The turning point was undoubtedly 2015, with the Paris agreements on climate change and the signing, by 193 countries, of the UN Agenda for Sustainable Development: an action plan that has defined the three dimensions of development (economic, environmental and social) in 17 Sustainable Development Goals (SDGs) to be achieved by 2030.

All the majors in the sector are now committed to give an increasingly rapid impulse to ESG-oriented policies and investments, and the need to find a fair balance between the interests of shareholders and stakeholders represents the decisive challenge for the future of these companies.

It is particularly interesting in the case of ENI, one of the majors in the sector, which, since 2014, has embarked on a process of transformation of its business model through a decarbonization process oriented towards carbon neutrality in the long term, with huge investment plans in in the diffusion of renewable sources.

This new approach has found an innovative disclosure tool in the adoption of a long-term strategic plan, from 2020 to 2050, announced to the market in February 2020, which combines the goals of continuous development in a rapidly evolving market, such as the Energy one, with a significant reduction in the carbon footprint of the portfolio. It is a plan with stated objectives, which are punctually defined and articulated in an accurate timeline, and, therefore, measurable and verifiable.

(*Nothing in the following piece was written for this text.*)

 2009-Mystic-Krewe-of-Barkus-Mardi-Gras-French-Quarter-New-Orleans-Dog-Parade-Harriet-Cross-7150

ENI is an example of how the main companies in the Oil and Gas sector are finalizing their investments towards environmentally sustainable objectives, which, however, must be combined with the economically sustainable ones, which, at least in the short and medium term, represent the traditional business model.

Therefore, it arises the need to monitor and detect what the company performance resulting from this new scenario will be in the near future, which will certainly be subject to careful evaluation by investors. To allow the market the possibility of evaluating the correlations in a homogeneous way between ESG scores and financial and economic performance, it will be necessary to arrive at uniform metrics also in terms of ESG.

A recent step forward in this direction is represented by the signing, in September 2020, by 61 leaders of the most important companies in the world, including members of the World Economic Forum (WEF), of the fundamentals of the “Stakeholder Capitalism Metrics” issued by the International Business Council (IBC). These metrics offer a set of universal and comparable information focussed on people, planet and governance, about which companies, investors and all the various stakeholders can rely on, regardless of the sector or country in which they operate.

Further interesting development in the field of metrics is the one proposed by Mark Kramer in a recent publication,Footnote 5 in which, in reiterating the need for ESG indexes, in their calculation, not to be completely disconnected from the purely financial aspects of corporate performance, he indicates that the most suitable tool for this purpose is the use of “hybrid metrics” that can combine the social and environmental impact of companies with their standard financial performance measures.